[Task instructions] Please repeat the data below exactly, with the pictures removed.

[Information shown]
☆ ☆ ☆ ☆
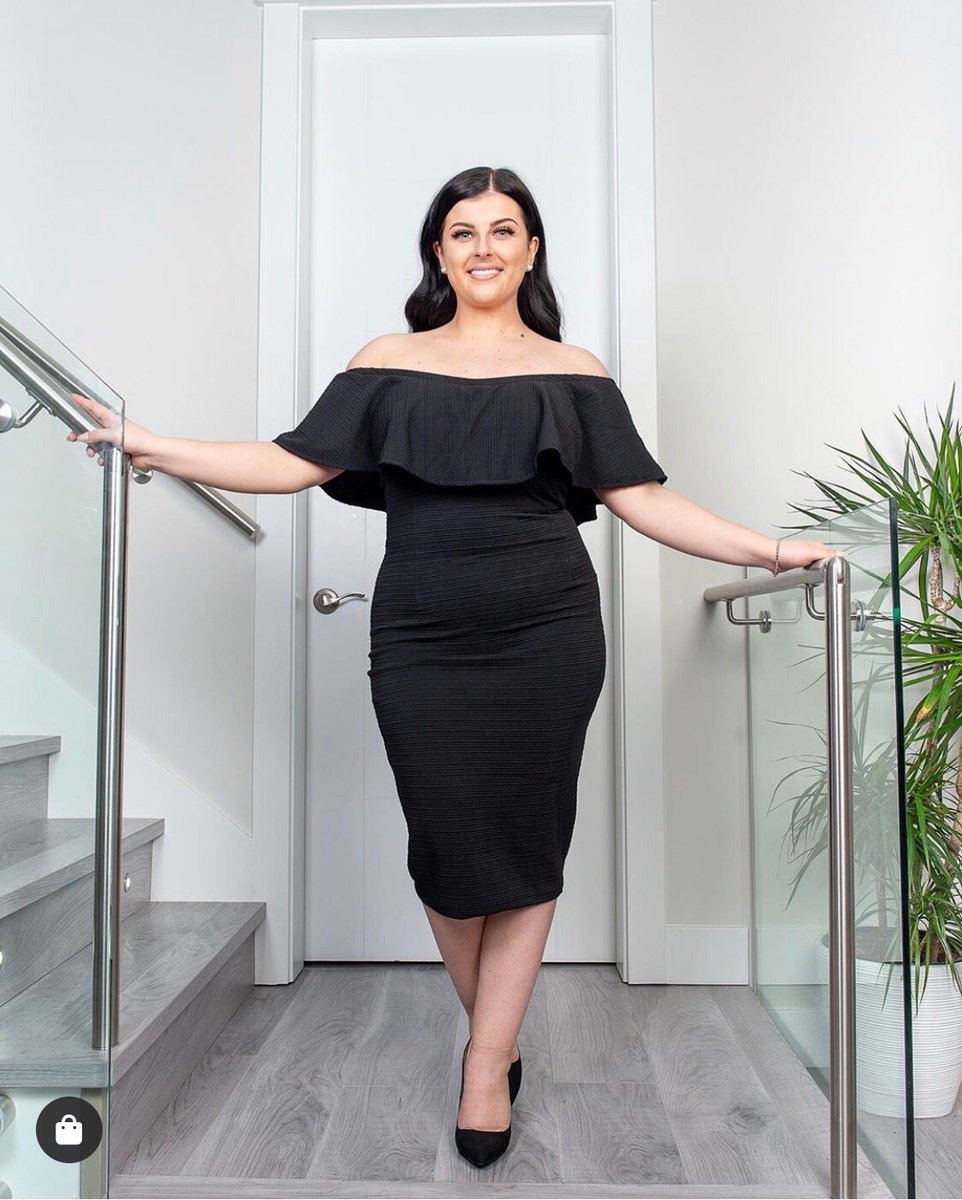 Show off your curves in a #RimpySahota Kyra dress #ethicalfashion #madeinvancouver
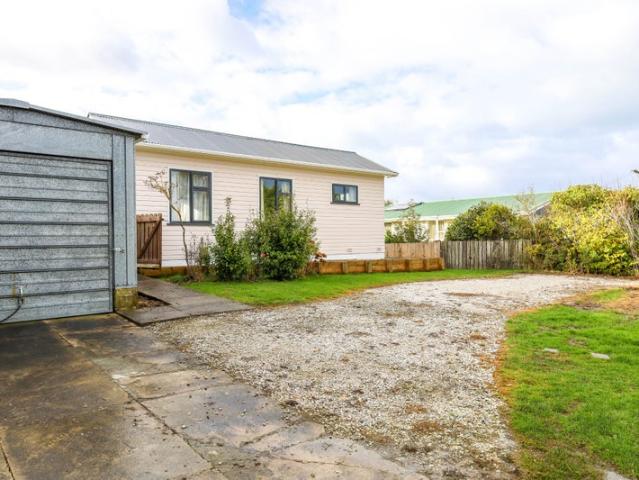 House for rent in Otakou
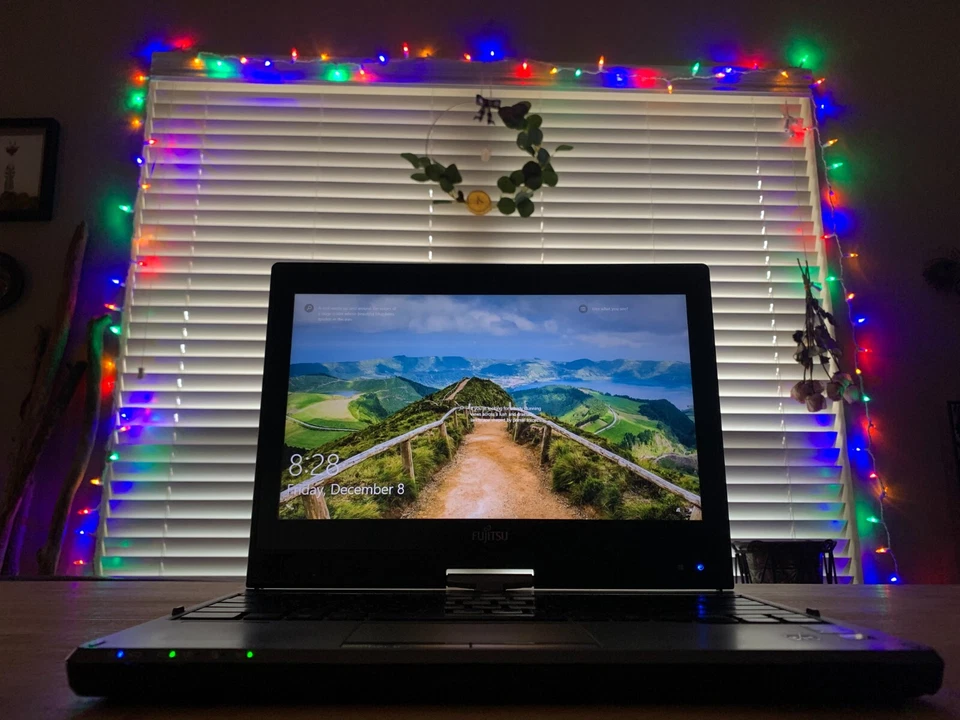 WOW! Fujitsu LifeBook T-725 | Pantalla táctil, tableta/portátil, SSD nuevo y Windows Foto 4 de 4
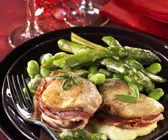 Kalbsfilet mit Mozzarella und Pancetta gefüllt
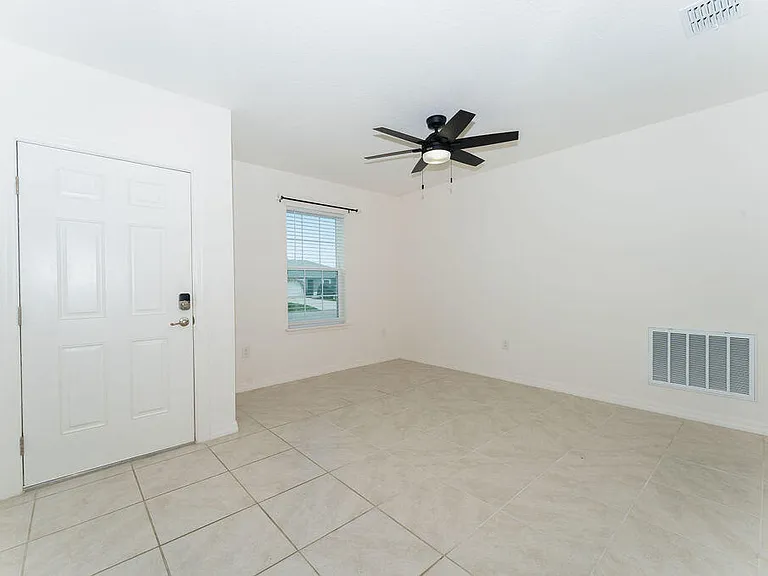 138 SW Carter Ave — Photo 23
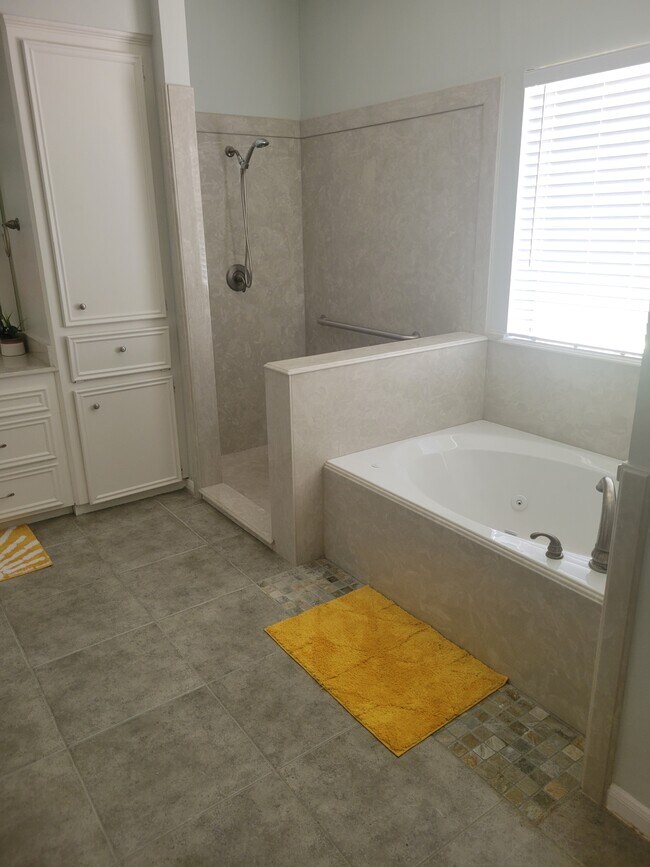 Building Photo - 1802 Copperwood Ln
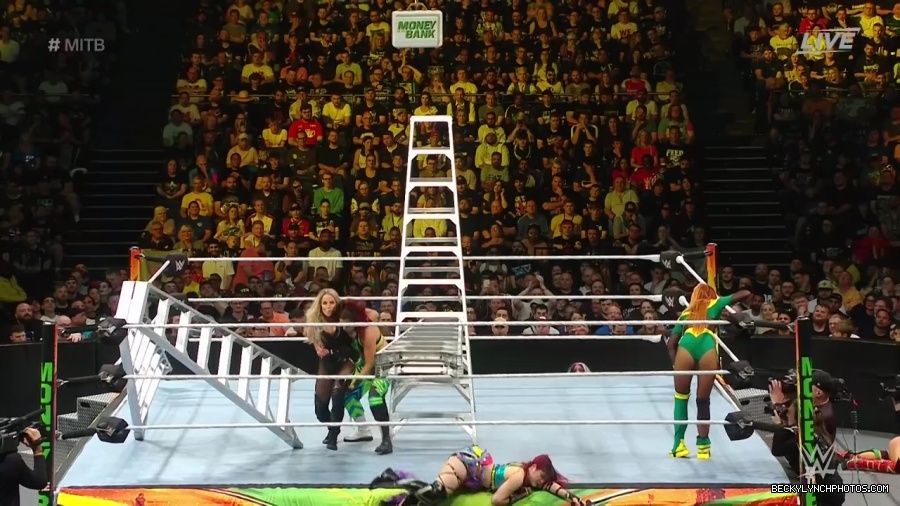 Womens_MITB_mp40820.jpg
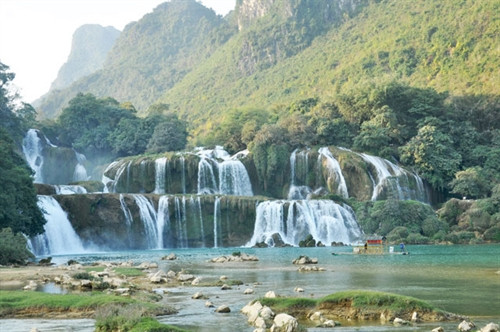 Thác Bản Giốc đẹp mơ màng. Thác Bản Giốc đẹp mơ màng.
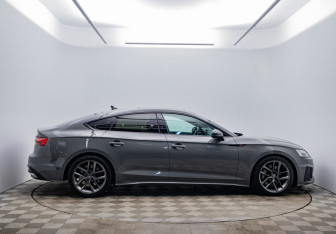 Подержанный автомобиль Audi A5 Liftback 2020 года (4 фото)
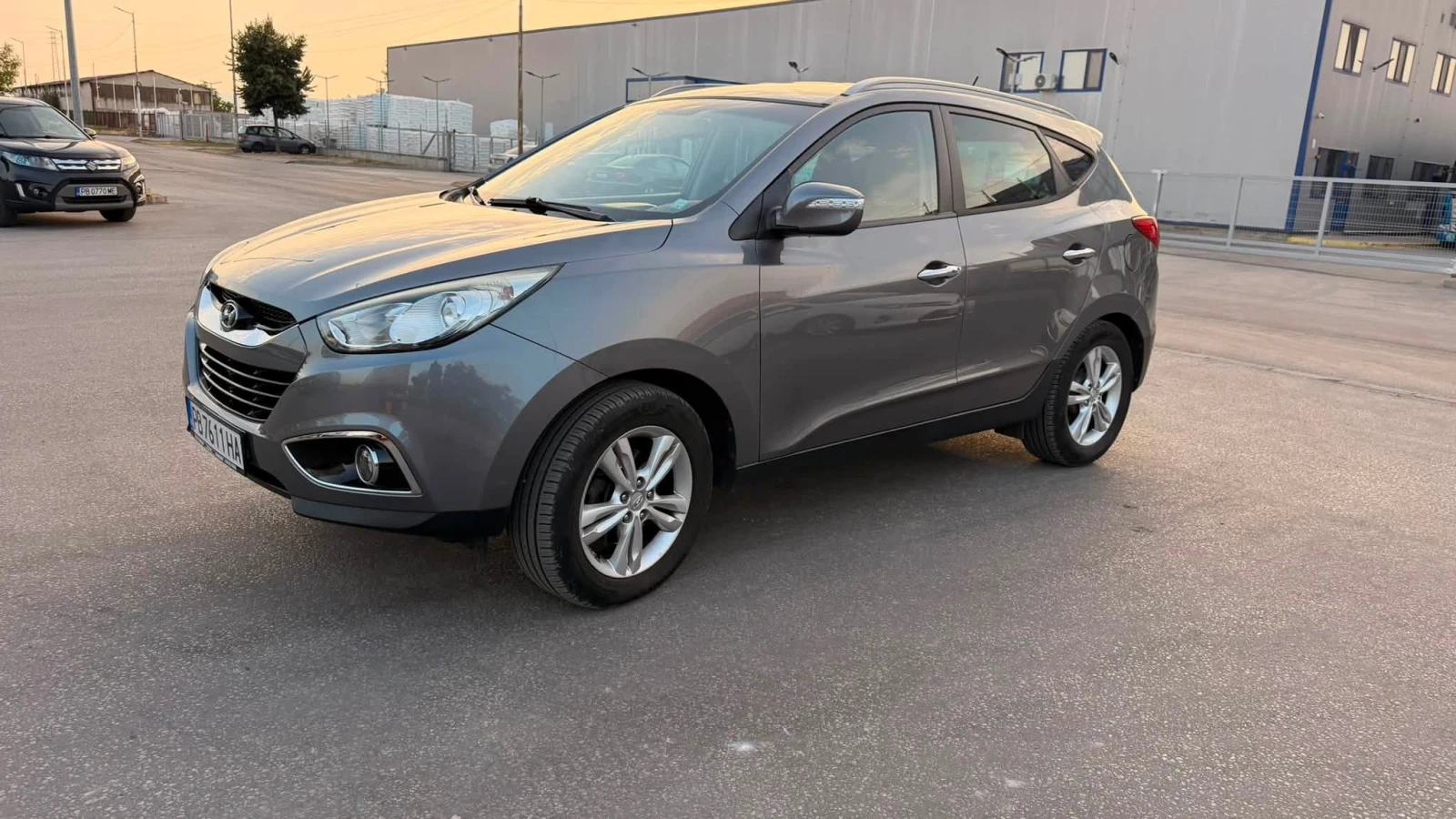 Hyundai IX35 2.0 CRDi Style AWD, снимка 3 - Автомобили и джипове - 55871343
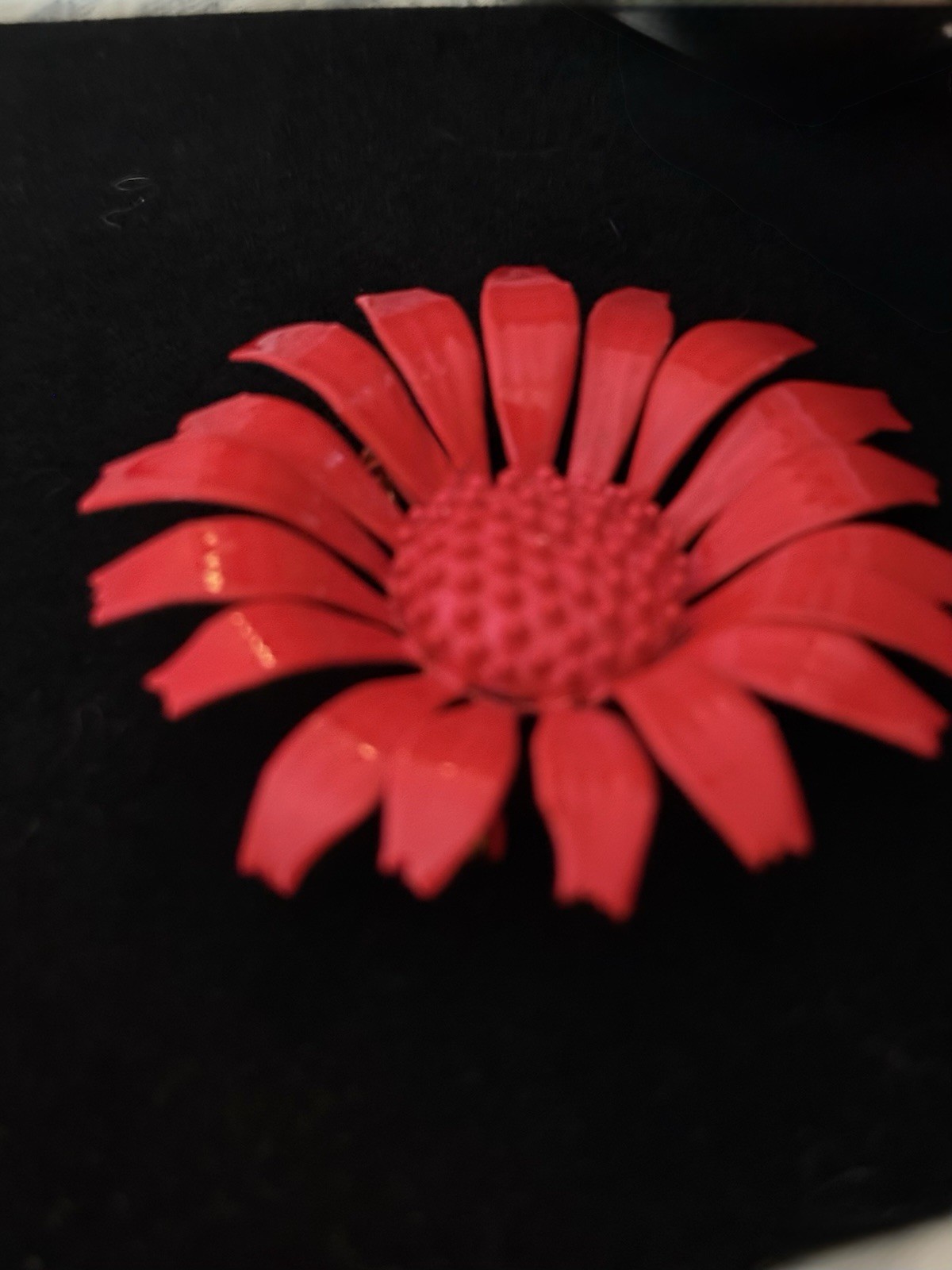 Red Plastic Flower Brooch Pin No Stone 2.75 in Flowers & Plants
☆ ☆ ☆ ☆
[Expected output]
 Show off your curves in a #RimpySahota Kyra dress #ethicalfashion #madeinvancouver
 House for rent in Otakou
 WOW! Fujitsu LifeBook T-725 | Pantalla táctil, tableta/portátil, SSD nuevo y Windows Foto 4 de 4
 Kalbsfilet mit Mozzarella und Pancetta gefüllt
 138 SW Carter Ave — Photo 23
 Building Photo - 1802 Copperwood Ln
 Womens_MITB_mp40820.jpg
 Thác Bản Giốc đẹp mơ màng. Thác Bản Giốc đẹp mơ màng.
 Подержанный автомобиль Audi A5 Liftback 2020 года (4 фото)
 Hyundai IX35 2.0 CRDi Style AWD, снимка 3 - Автомобили и джипове - 55871343
 Red Plastic Flower Brooch Pin No Stone 2.75 in Flowers & Plants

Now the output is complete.